Hudson grants tenure but needs maintenance staff

HUDSON—The big news from the Hudson City School District (HCSD) Board of Education meeting June 15 was the upcoming retirement of Superintendent Maria L. Suttmeier effective January 2, 2022 (see “Hudson’s Suttmeier announces retirement,” June 17 issue). But the meeting also included teacher recognition, facilities updates and preparations for the new school year.

The board last week announced tenure, effective in September, for nine faculty and staff: Laura Backlund, English as a New Language; Thomas Giosa, Music; Brian Hoolihan, Social Studies; Joanne Lanuto, psychologist; Anna Oleson-Wheeler, elementary teacher; Kyle Roberts, Health; Megan Sullivan, elementary teacher; Hope VanTassel, speech teacher; Nichole Wordon, elementary teacher.

Most of those granted tenure have been with the Hudson City School District four years.

“I’ve really enjoyed working here,” said Mr. Giosa, who added that he looks forward to more years.

“It’s been a pleasure, I’m really proud,” said Ms. Lanuto.

Mr. Roberts said the last few years “flew by. Every year has been enjoyable.”

Student Representative to the Board Noshin Tasnim reported that the seniors on the Student Council had selected Meghan Abitabile as Teacher of the Year. Ms. Abitabile teaches social studies at Hudson High School.

In other staffing news, the HCSD has “a number of openings in the Buildings and Grounds Department,” reported board member Sage Carter.

“We’re currently doing the second round of interviews” for the open positions, Dr. Suttmeier said.

For the time being, Ms. Carter said, “We have been relying on our custodians and outside contractors” to meet the Buildings and Grounds needs. She thanked Jesse Boehme, the district business administrator, “for keeping it going,” she said.

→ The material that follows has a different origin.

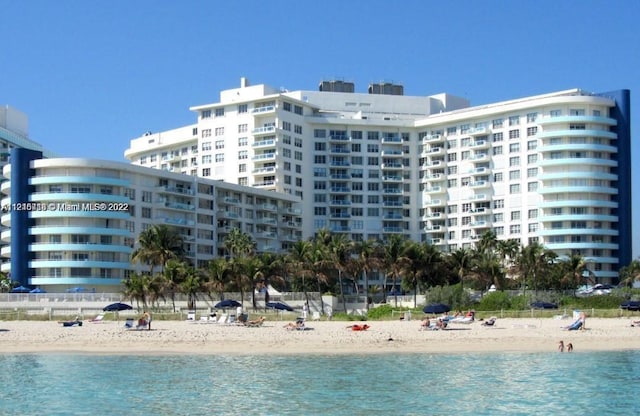 view of swimming pool with a beach view and a water view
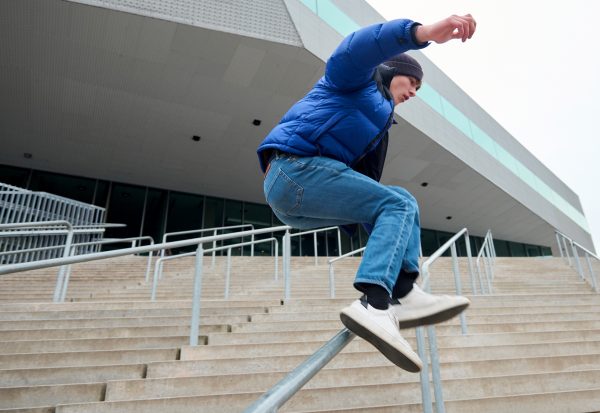 Ung mand der laver parkour på en trappe.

‘It was delightful to know we could have a prom in person.’

Supt. Maria L. Suttmeier

Hudson City School District


Ms. Carter also reported that the Server Room will undergo an electrical upgrade during the summer, because its current electrical system is “insufficient.” On the other hand, she called the newly-rehabilitated baseball facilities “fantastic.”

For summer school, Mr. Boehme reported, the district is seeking bids for 12 bus runs. But some contracted transportation costs can increase 3.2% over last year. “This is a surprise to me,’ he said, because in previous years the increase has been about 1%. Mr. Boehme said the reasons for the increases include the “skyrocketing cost of oil and other commodities.”

Earlier this month HCSD sent a survey to the community to help create a spending plan for the $5.9 million the federal government is allocating for the district to help overcome the effects of the pandemic. At the June 15 meeting, she reported that preliminary survey results showed that the most popular possibilities include Social Emotional Learning and Safety/Security.

In one result of the relaxation of Covid-19 prevention requirements, “It was delightful to know we could have a prom in person,” Dr. Suttmeier remarked. “Chaperons said, ‘It’s so wonderful to see the kids happy to see each other.’ ”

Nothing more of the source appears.